Let n be an integer greater than 1 and s(n) the sum of the dividors of n. For example,
s(12) 1 + 2 + 3 + 4 + 6 + 12 = 28
Also,
s(s(12)) = s(28) = 1 + 2 + 4 + 7 + 14 + 28 = 56
And
s(s(s(12))) = s(56) = 1 + 2 + 4 + 7 + 8 + 14 + 28 + 56 = 120
We use the notations:
s^1(n) = s(n)
s^2(n) = s(s(n))
s^3(n) = s(s(s(n)))
s^ m (n) = s(s(. . .s(n) . . .)), m times
For the integers n for which exists a positive integer k so that
 s^m(n) = k * n
are called (m, k)-perfect, for instance 12 is (3, 10)-perfect since s^3(12) = s(s(s(12))) = 120 = 10 * 12

Special categories:

For m =1 we have multiperfect numbers

A special case of the above exist for m = 1 and k = 2 which are called perfect numbers.

For m = 2 and k = 2 we have superperfect numbers.
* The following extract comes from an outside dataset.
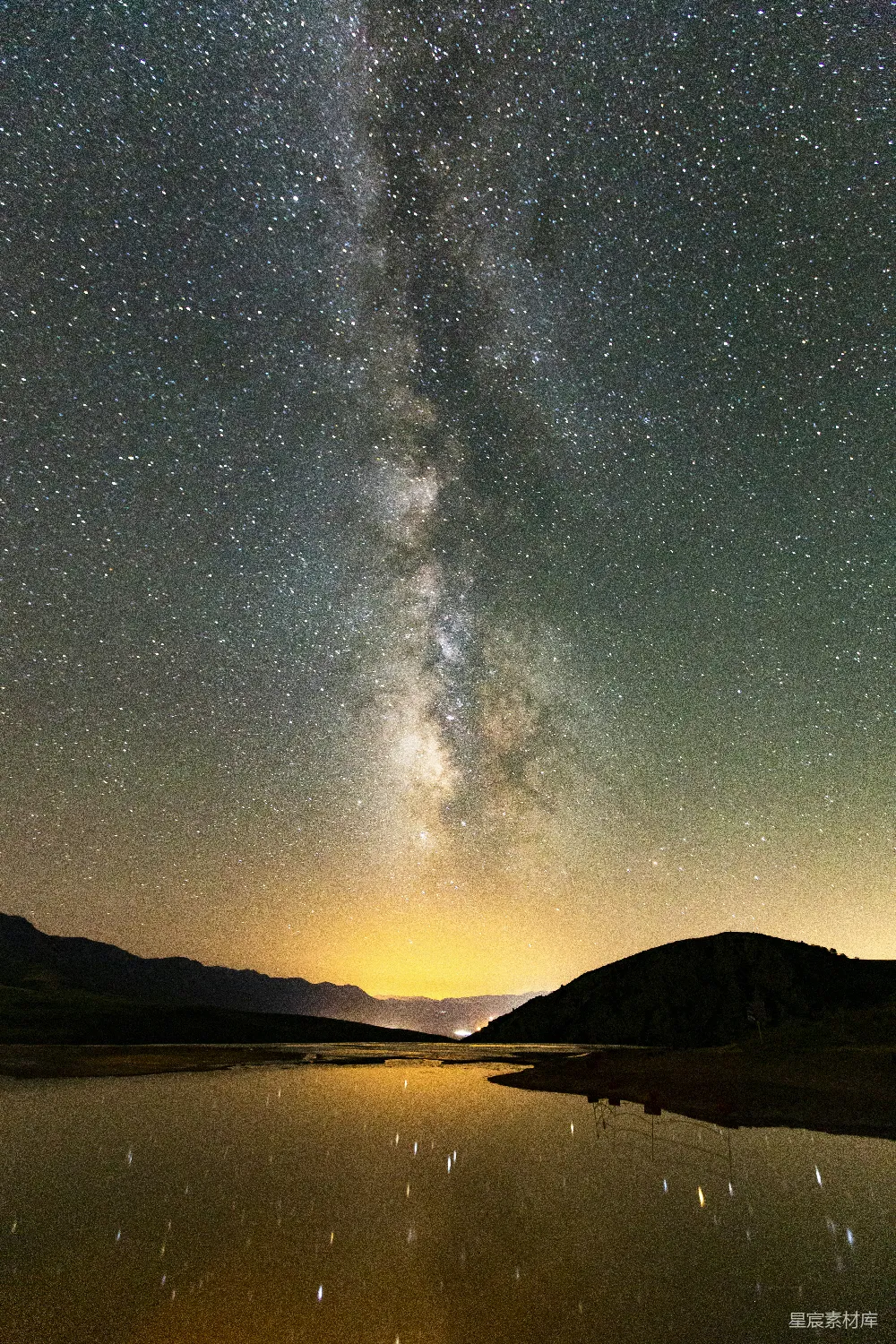 高清摄影 夜空满是星星，在一片水体之上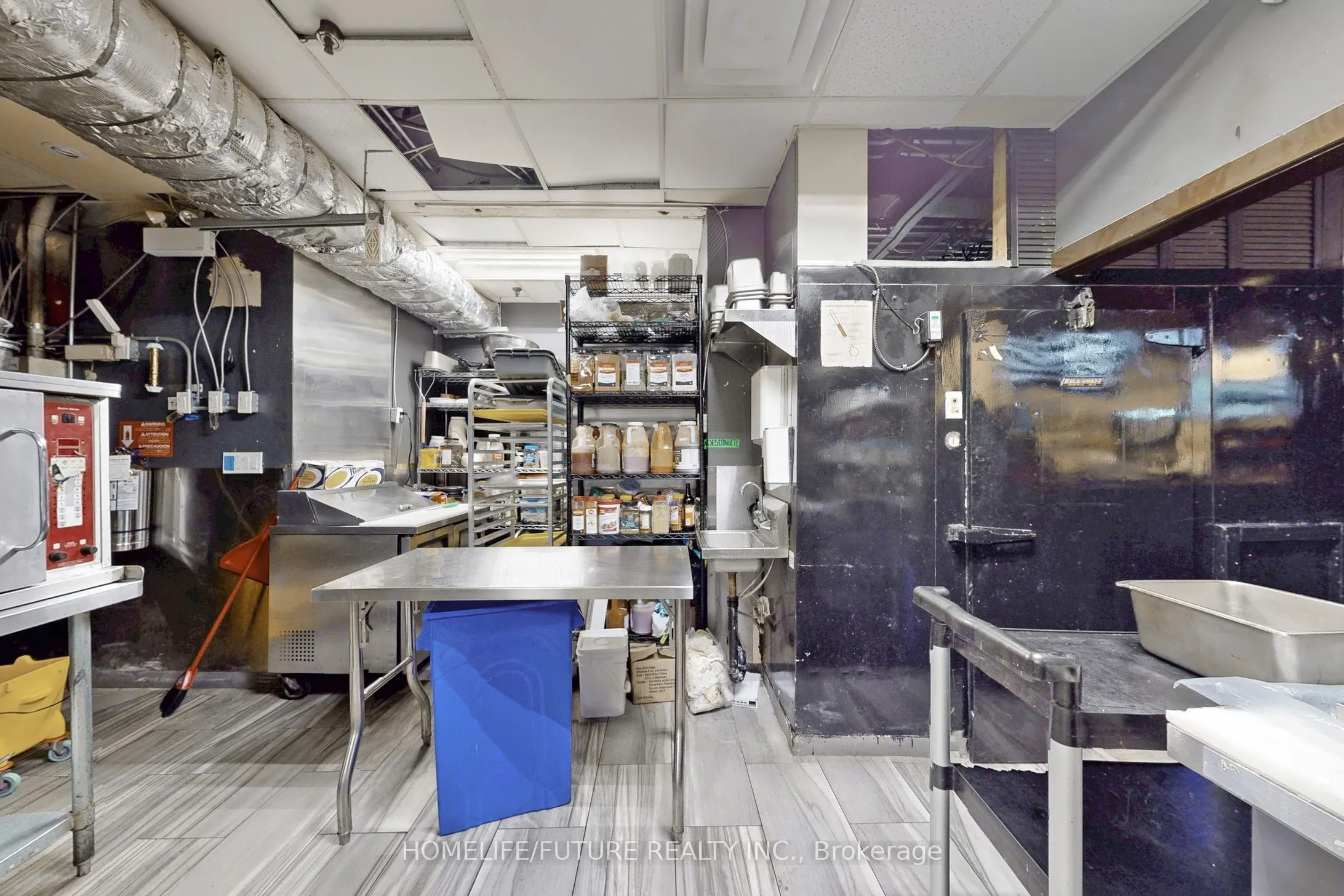 1278 St Clair Avenue W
Write a program which finds and prints all (m, k)-perfect numbers for m <= MAXM, which are less or equal to (<=) MAXNUM. If an integer belongs to one of the special categories mentioned above the program should print a relevant message. Also, the program has to print how many different (m, k)-perfect numbers were found, what percentage of the tested numbers they were, in how many occurrences for the different pairs of (m, k), and how many from each special category were found(perfect numbers are counted as multiperfect as well).

Here's my code:

import time
start_time = time.time()
def s(n):
    tsum = 0
    i = 1
    con = n
    while i < con:
        if n % i == 0:
            temp = n / i
            tsum += i
            if temp != i:
                tsum += temp 
            con = temp
        i += 1                    
    return tsum
#MAXM
#MAXNUM

i = 2

perc = 0
perc1 = 0
perf = 0
multperf = 0
supperf = 0
while i <= MAXNUM:
    pert = perc1
    num = i
    for m in xrange(1, MAXM + 1):        
        tsum = s(num)                
        if tsum % i == 0:            
            perc1 += 1
            k = tsum / i            
            mes = "%d is a (%d-%d)-perfect number" % (i, m, k)
            if m == 1:
                multperf += 1
                if k == 2:
                    perf += 1 
                    print mes + ", that is a perfect number"
                else:
                    print mes + ", that is a multiperfect number"               
            elif m == 2 and k == 2:
                supperf += 1
                print mes + ", that is a superperfect number"
            else:
                print mes        
        num = tsum        
    i += 1
    if pert != perc1: perc += 1
print "Found %d distinct (m-k)-perfect numbers (%.5f per cent of %d ) in %d occurrences" % (
perc, float(perc) / MAXNUM * 100, MAXNUM, perc1)
print "Found %d perfect numbers" % perf
print "Found %d multiperfect numbers (including perfect numbers)" % multperf
print "Found %d superperfect numbers" % supperf  
print time.time() - start_time, "seconds"

It works fine, but I would like suggestions on how to make it run faster. For instance is it faster to use

I = 1
while I <= MAXM:
    …..
    I += 1

instead of

for I in xrange(1, MAXM + 1)

Would it be better if instead of defining s(n) as a function I put the code into the main program? etc. If you have anything to suggest for me to read on how to make a program run faster, I'd appreciate it. And one more thing, originally the exercise required the program to be in C (which I don't know), having written this in Python, how difficult would it be for it to be made into C?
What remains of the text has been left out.